» **Work required**:
Verbatim reproduction of the entries is required; images must be omitted.
- - -
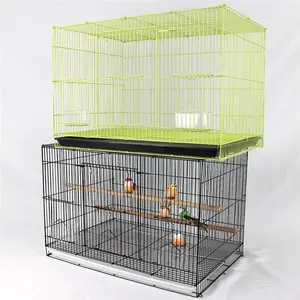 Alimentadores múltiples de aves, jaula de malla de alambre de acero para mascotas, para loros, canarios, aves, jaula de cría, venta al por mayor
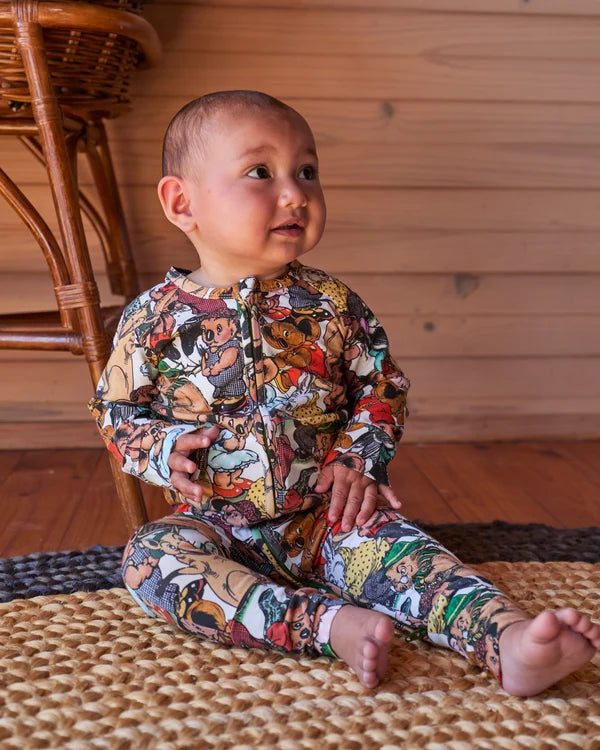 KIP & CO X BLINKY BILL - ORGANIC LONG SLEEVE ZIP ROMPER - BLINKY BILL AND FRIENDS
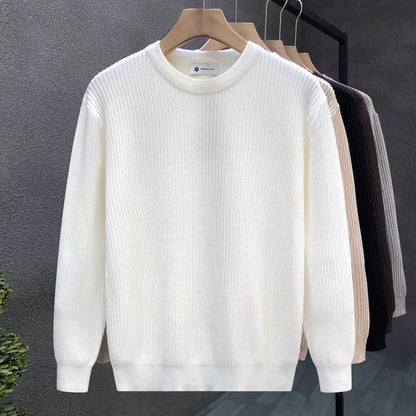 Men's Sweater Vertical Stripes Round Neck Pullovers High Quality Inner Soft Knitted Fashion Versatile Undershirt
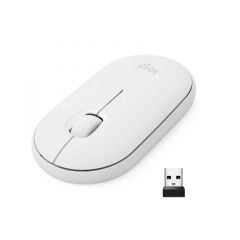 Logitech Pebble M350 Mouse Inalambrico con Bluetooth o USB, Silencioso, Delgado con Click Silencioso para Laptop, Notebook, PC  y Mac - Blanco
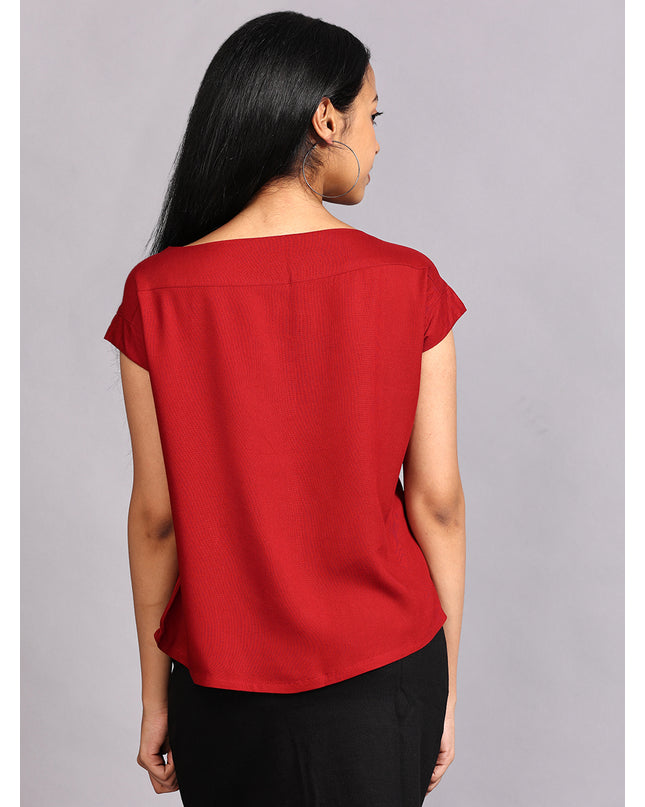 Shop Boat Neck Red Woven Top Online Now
- - -
» **Answer space**:
 Alimentadores múltiples de aves, jaula de malla de alambre de acero para mascotas, para loros, canarios, aves, jaula de cría, venta al por mayor
 KIP & CO X BLINKY BILL - ORGANIC LONG SLEEVE ZIP ROMPER - BLINKY BILL AND FRIENDS
 Men's Sweater Vertical Stripes Round Neck Pullovers High Quality Inner Soft Knitted Fashion Versatile Undershirt
 Logitech Pebble M350 Mouse Inalambrico con Bluetooth o USB, Silencioso, Delgado con Click Silencioso para Laptop, Notebook, PC  y Mac - Blanco
 Shop Boat Neck Red Woven Top Online Now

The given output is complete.